Reminding yourself of the truth of God's goodness at all times helps you to develop "muscle memory," so to speak, so that your default response is RIGHT even when your head or heart isn't quite in it.
Given a recent string of difficult things in my life, I still would say that God is good. Would that be harder to say had He not kept my youngest from successfully committing suicide? Probably, but that doesn’t mean that God isn’t good. Would it be harder to say God is good if the church that just fired my wife wasn’t imploding? Probably, but that’s not the measure of God’s goodness.
God’s goodness is the reality no matter what my circumstances are.
I've been dealing with the question of what constitutes a "good" God. Seems some choose to dictate. I choose to trust that He knows what He's doing.
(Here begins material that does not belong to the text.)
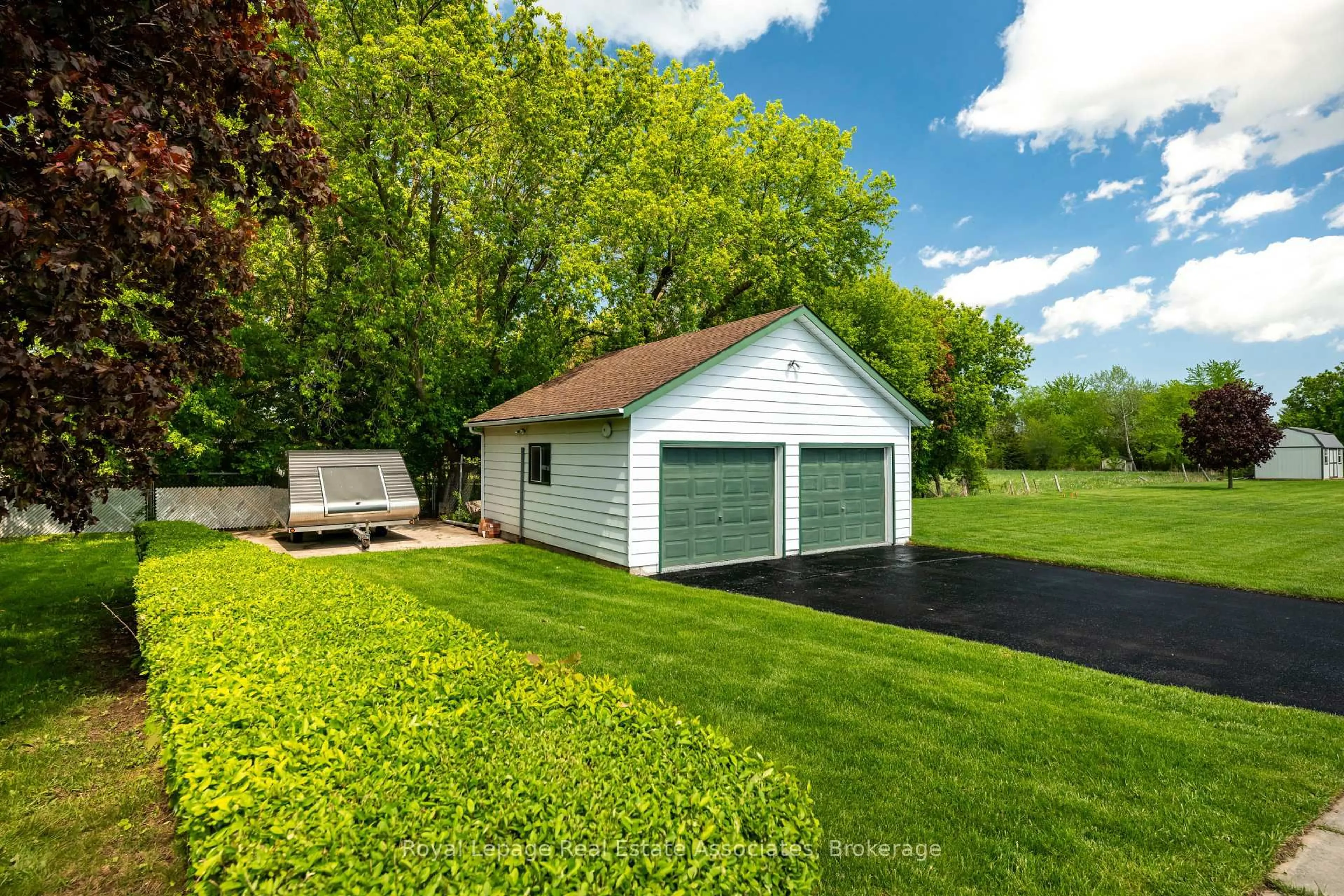 Indoor garage for 12851 9 Line, Halton Hills Ontario L7G 4S8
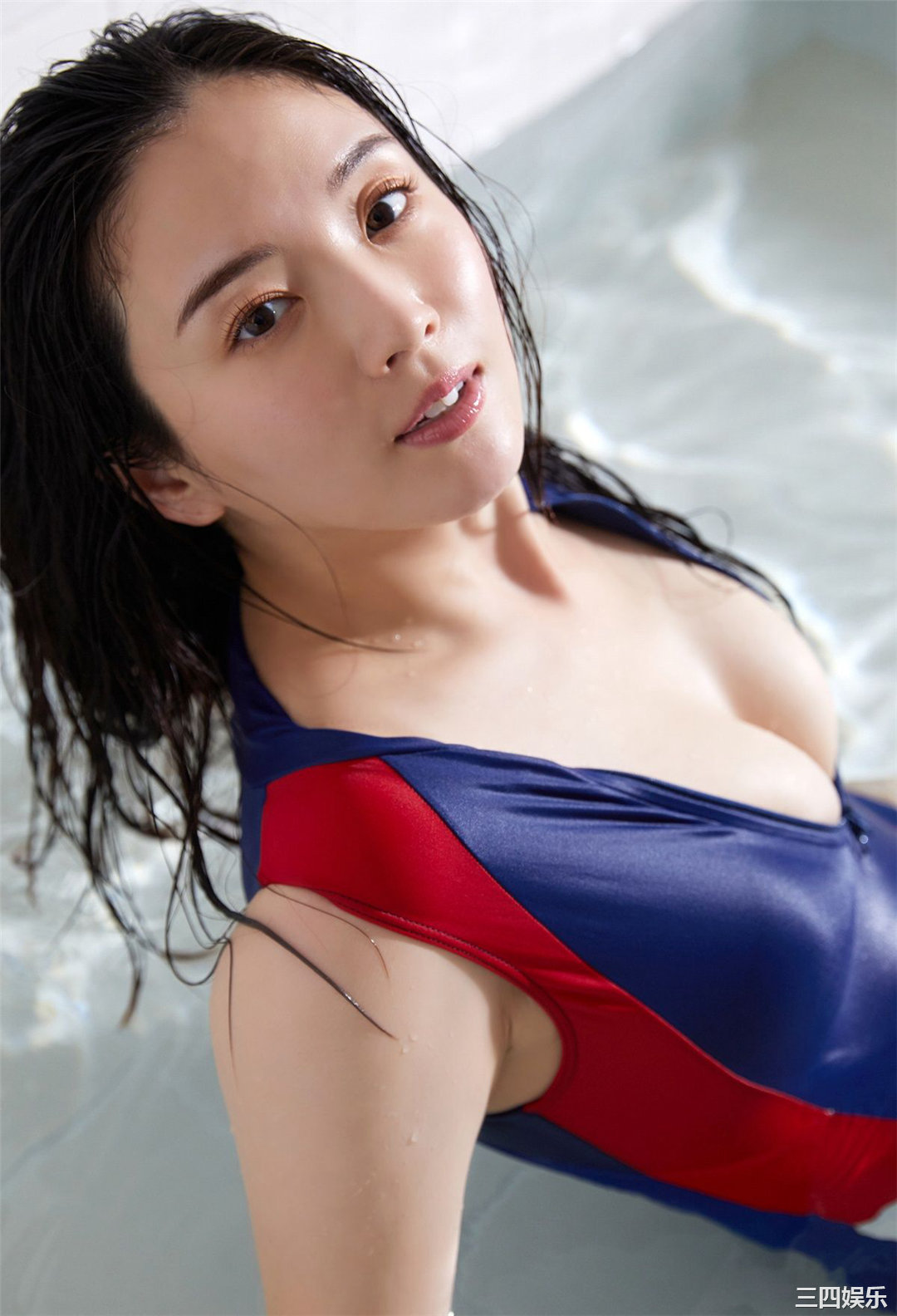 园都写真集《揺れる曲線》高清全本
As Ralph Richardson said in portraying God in "Time Bandits", "I am the Supreme Being. I'm not totally dim." (Best line in the movie)
Though he slay me...
Good Job, Danny.
Marshal, I cannot fathom the sheer arrogance that says, "I'll be sure to let God know what is and is not good and I'm sure He'll get in line."
Craig, to me it is those who actually face those things and say, "God is good all the time" who are the most remarkable and appreciated.